It’s a wonderful time to be experimenting with technology and music. You can create something that looks like the stuff most people imagine as “the future” – elaborate dances of light, power over sound just by waving your hand, software that seems directly out of Star Trek. But you can do it with technology that is now reaching maturity – decades of experience of artists, engineers, and designers is at your back.
“That’s not new,” someone might say. Exactly. Instead of technology being a disposable commodity, forgotten in a couple of years, it’s actually something you can get good at. And a good thing, too. Musical practice has always been about something to which you devote a lifetime, not a two-week sprint. And pulling off cross-media technologies can be demanding of a lot of skills: brush up on your sewing, learn about conductive textiles, refresh your knowledge of physics and electronic circuits, work out the nuances of relays, practice your music theory, and refine your coding skills, and you just might be able to pull it off.
That also means teaming up with others is a very good idea. I’ve long admired (and covered) the Music Hackdays, since their creation. Those events, though, often draw people for whom coding is a day job, and focus on Web music tech. For the Music Hacklab at Berlin’s CTM Festival, working with the CTM staff and co-organizer Derek Holzer, we wanted to concentrate exclusively on creation and performance – things you do live and in person as composers and musicians. And we’ve gathered some select people to work on the project, whose background spans electronics, VJing, and musicianship to fashion and acting.
It’s already been an intense couple of days. And within minutes, we had Ableton Live triggering lightbulbs, demonstrated here by participants Darsha and [CDM MeeBlip summer intern] Arvid:
Berlin neighbors Native Instruments and Ableton have given us support for the event, including quenching hacker desires for hardware and my insatiable thirst for Club-Mate. (These posts aren’t gonna write themselves.)

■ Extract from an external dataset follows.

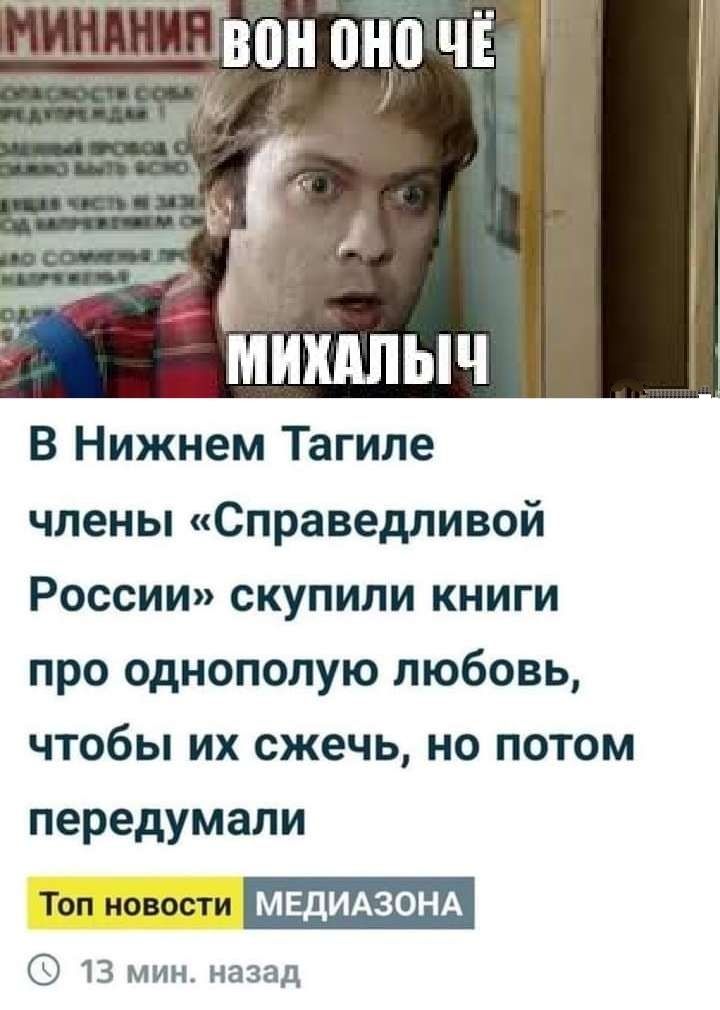 _ Вон оно ЧЁ МИШЫЧ В Нижнем Тагиле члены Справедливой России скупили книги про однополую любовь чтобы их сжечь но потом передумали Топ навести МЕДИАЗОНА 13 мин назад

And we have some extraordinary things happening. Imogen Heap arrived yesterday with a team from London to talk about wearable interfaces. Today, she showed off her sophisticated live performance rig; drawing on the work of other fashion tech creators, she’s built something unmistakably linked to her performance idiom and musical voice. It involves a complex lexicon of gestures and cues that allow her to perform or compose music away from the computer. Today, she began working with participants to try out the system themselves.
We’ve also begun a series of presentations by artists and developers on how they work.
We have proper video coming of some of these events. In the meantime, I just wanted to share some early reflections and images, as we edit.
I can tell you, though, for all the planning and organization, I’m always amazed at what people can do once you can get them in the same room. Someone with a particular technical skill in coding may meet the performer contact they need; someone working on the visual component of a project may find the person who can think about sound.
And then you know things will happen as people meet. For instance, it was a lot of fun watching Imogen jam yesterday with Onyx Ashanti, two artists working in wearable tech.
You don’t need to miss out. This is just our first attempt at doing something with this particular structure, and I’m certain it won’t be the last. We’ll be doing this here in Berlin through the end of the week, and we’ll have a wiki and video and other resources for you coming as the week’s events are completed, so we can connect to the community beyond CTM and Berlin.